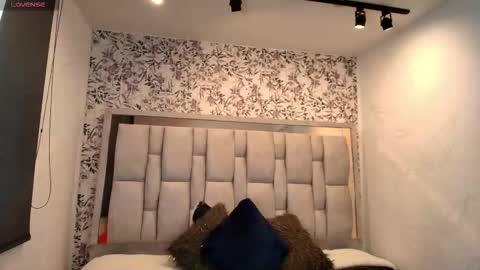 EMILY CUTE online show from 26, 2, 2026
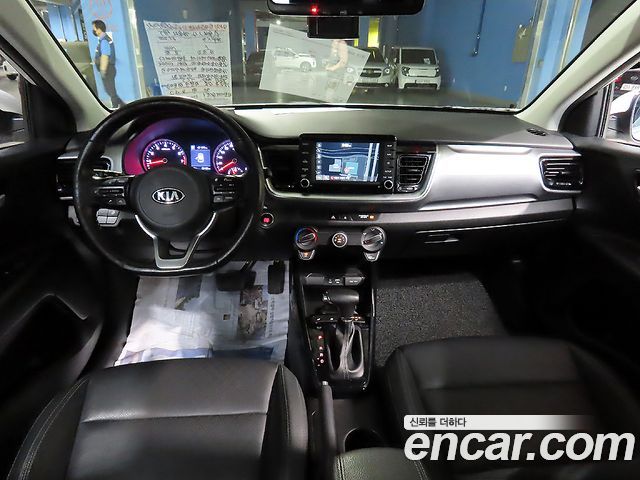 Kia Stonic 1.4 Trendy — пробег 85 200 км — фото 5 из 5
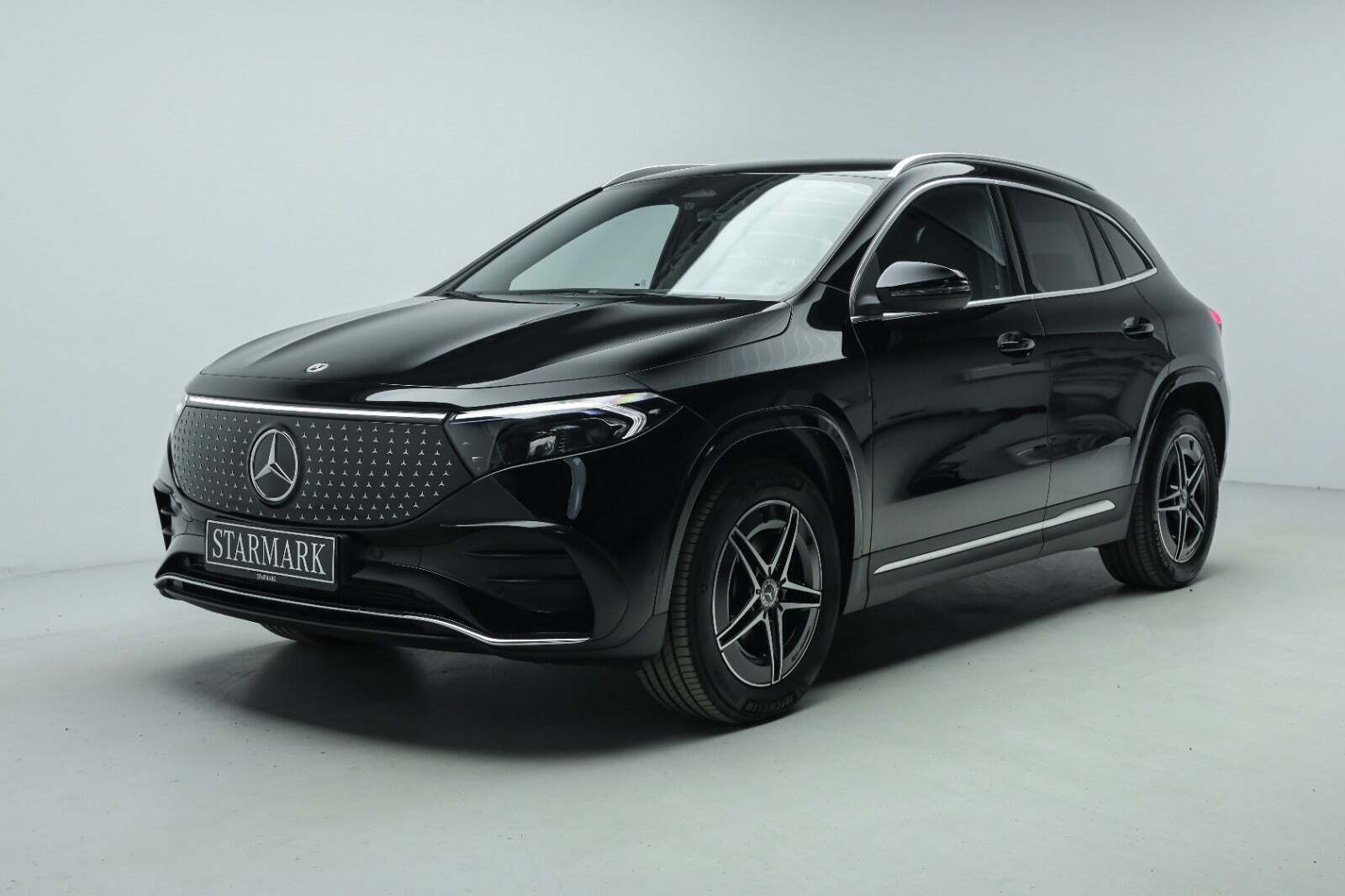 Sort Mercedes EQA350 fra 2025 set udefra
:::
### Work order
Would you return the data above exactly as written, minus the images?

### Solution to the problem
 EMILY CUTE online show from 26, 2, 2026
 Kia Stonic 1.4 Trendy — пробег 85 200 км — фото 5 из 5
 Sort Mercedes EQA350 fra 2025 set udefra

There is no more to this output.